Still, the legislation would run into opposition from Senate Democratic leadership, should it get that far. That would make securing floor time challenging.
Hastings’s bill would require Obama to submit a new five-year leasing plan — which does not need congressional approval — running from 2015 until 2020. The current one, which the White House implemented last year, spans 2012 through 2017.
Hastings’s legislation calls for new drilling off the coasts of Virginia — in the same plot Warner and Kaine have endorsed — as well as South Carolina and Southern California. And 50 percent of areas estimated to contain at least 2.5 billion barrels of oil or 7.5 trillion cubic feet of natural gas must also be made available to drilling.
The bill would maintain a ban on drilling in the Eastern Gulf of Mexico.

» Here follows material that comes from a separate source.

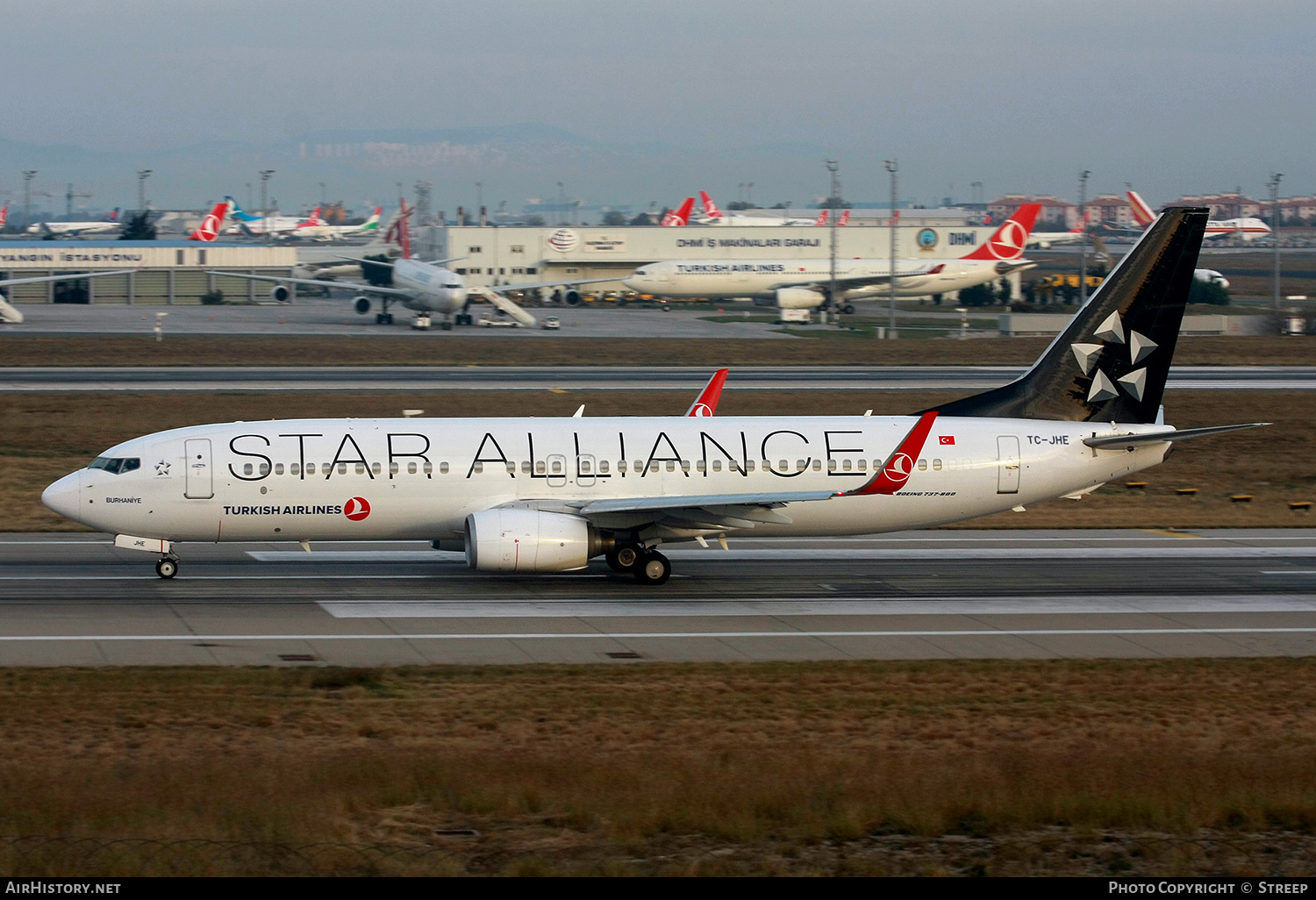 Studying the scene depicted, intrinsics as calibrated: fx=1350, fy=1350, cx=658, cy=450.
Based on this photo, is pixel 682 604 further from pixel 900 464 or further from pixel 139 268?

A draft of Obama’s offshore leasing plan included new drilling in the Atlantic Ocean, but those plans were put on hold following the April 2010 Gulf of Mexico oil spill.
Republicans have called that an overreaction. They say the Obama’s leasing plan is too restrictive, contending it keeps 85 percent of offshore land off limits to drilling.
The White House says the five-year plan still offers up 75 percent of recoverable offshore reserves.
Aside from expanding drilling, the bill also would reshuffle the Interior Department’s offshore energy agencies and award federal offshore drilling royalties to all coastal states.
— This story was updated at 1:02 p.m.